#### [What to work on]
Only the lines below between the ones containing "Women\'s Blouse Printed" and "Collier Charms Soleil", inclusive, are to be reproduced, each exactly as it stands.

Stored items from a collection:
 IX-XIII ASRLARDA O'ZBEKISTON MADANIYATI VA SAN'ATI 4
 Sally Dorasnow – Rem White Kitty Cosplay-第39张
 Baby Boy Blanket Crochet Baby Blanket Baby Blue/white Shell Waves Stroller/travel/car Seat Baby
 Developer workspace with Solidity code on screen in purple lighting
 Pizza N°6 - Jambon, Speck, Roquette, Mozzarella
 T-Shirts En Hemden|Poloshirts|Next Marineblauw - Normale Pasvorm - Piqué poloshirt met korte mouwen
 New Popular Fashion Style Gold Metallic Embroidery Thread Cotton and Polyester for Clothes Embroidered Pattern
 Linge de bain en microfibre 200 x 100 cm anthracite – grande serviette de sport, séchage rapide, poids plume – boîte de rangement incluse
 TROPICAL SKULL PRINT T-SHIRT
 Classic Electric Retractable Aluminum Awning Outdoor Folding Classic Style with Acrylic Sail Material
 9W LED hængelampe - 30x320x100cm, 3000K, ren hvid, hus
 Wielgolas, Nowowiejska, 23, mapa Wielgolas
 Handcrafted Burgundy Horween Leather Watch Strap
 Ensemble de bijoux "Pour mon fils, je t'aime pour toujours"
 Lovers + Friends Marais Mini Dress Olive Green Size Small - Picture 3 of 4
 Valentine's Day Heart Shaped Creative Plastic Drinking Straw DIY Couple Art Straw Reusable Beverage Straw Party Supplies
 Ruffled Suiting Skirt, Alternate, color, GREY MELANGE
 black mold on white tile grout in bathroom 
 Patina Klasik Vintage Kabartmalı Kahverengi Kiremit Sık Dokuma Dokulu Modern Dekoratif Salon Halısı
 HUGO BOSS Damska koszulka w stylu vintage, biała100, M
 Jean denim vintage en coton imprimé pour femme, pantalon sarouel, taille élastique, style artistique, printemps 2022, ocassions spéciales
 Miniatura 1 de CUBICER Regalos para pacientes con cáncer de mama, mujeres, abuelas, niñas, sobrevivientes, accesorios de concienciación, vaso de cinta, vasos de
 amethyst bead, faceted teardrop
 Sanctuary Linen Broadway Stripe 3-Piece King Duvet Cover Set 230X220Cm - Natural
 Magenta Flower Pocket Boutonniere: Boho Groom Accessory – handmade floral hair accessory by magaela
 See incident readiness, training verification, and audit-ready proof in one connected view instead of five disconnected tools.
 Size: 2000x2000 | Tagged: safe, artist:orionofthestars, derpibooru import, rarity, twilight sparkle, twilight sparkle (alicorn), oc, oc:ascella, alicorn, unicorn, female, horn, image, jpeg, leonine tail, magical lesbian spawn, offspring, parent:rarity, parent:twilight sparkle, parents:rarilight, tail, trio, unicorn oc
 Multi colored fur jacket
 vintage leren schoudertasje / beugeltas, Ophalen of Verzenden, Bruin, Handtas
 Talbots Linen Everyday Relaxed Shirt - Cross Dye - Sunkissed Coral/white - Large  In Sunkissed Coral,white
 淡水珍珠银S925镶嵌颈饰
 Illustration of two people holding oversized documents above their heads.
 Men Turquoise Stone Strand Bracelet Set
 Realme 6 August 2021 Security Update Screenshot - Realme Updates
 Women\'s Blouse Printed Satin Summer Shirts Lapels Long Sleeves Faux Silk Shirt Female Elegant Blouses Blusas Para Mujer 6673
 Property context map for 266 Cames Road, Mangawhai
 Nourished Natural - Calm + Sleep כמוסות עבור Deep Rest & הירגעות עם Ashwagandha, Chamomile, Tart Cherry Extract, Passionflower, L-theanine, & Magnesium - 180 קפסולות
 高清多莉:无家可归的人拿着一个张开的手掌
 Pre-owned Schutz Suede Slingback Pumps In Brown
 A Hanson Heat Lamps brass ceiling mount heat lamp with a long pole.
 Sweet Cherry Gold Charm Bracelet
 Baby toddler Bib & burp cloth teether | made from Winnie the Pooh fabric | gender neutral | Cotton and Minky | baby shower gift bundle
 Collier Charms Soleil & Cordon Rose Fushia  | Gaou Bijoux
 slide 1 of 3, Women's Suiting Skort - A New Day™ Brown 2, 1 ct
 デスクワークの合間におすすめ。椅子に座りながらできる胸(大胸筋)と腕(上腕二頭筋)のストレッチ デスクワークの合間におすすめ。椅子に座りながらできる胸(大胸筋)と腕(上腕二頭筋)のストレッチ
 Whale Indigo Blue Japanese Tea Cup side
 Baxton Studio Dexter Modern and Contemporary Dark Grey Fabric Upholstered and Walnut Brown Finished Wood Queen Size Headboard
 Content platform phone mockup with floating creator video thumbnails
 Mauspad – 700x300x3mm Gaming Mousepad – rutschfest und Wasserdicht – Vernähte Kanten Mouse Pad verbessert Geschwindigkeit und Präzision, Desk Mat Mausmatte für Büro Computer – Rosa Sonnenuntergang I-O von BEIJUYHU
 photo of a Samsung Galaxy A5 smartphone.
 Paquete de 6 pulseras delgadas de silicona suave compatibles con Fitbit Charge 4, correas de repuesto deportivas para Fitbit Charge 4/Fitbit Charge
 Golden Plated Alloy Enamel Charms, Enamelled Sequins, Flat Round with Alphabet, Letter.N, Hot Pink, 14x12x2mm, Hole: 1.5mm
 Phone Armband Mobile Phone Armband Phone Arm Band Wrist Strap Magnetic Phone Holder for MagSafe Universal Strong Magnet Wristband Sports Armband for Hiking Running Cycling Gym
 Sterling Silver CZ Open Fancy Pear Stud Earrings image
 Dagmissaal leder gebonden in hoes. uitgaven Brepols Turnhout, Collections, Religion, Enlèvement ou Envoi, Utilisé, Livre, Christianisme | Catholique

#### [Solution to the problem]
 Women\'s Blouse Printed Satin Summer Shirts Lapels Long Sleeves Faux Silk Shirt Female Elegant Blouses Blusas Para Mujer 6673
 Property context map for 266 Cames Road, Mangawhai
 Nourished Natural - Calm + Sleep כמוסות עבור Deep Rest & הירגעות עם Ashwagandha, Chamomile, Tart Cherry Extract, Passionflower, L-theanine, & Magnesium - 180 קפסולות
 高清多莉:无家可归的人拿着一个张开的手掌
 Pre-owned Schutz Suede Slingback Pumps In Brown
 A Hanson Heat Lamps brass ceiling mount heat lamp with a long pole.
 Sweet Cherry Gold Charm Bracelet
 Baby toddler Bib & burp cloth teether | made from Winnie the Pooh fabric | gender neutral | Cotton and Minky | baby shower gift bundle
 Collier Charms Soleil & Cordon Rose Fushia  | Gaou Bijoux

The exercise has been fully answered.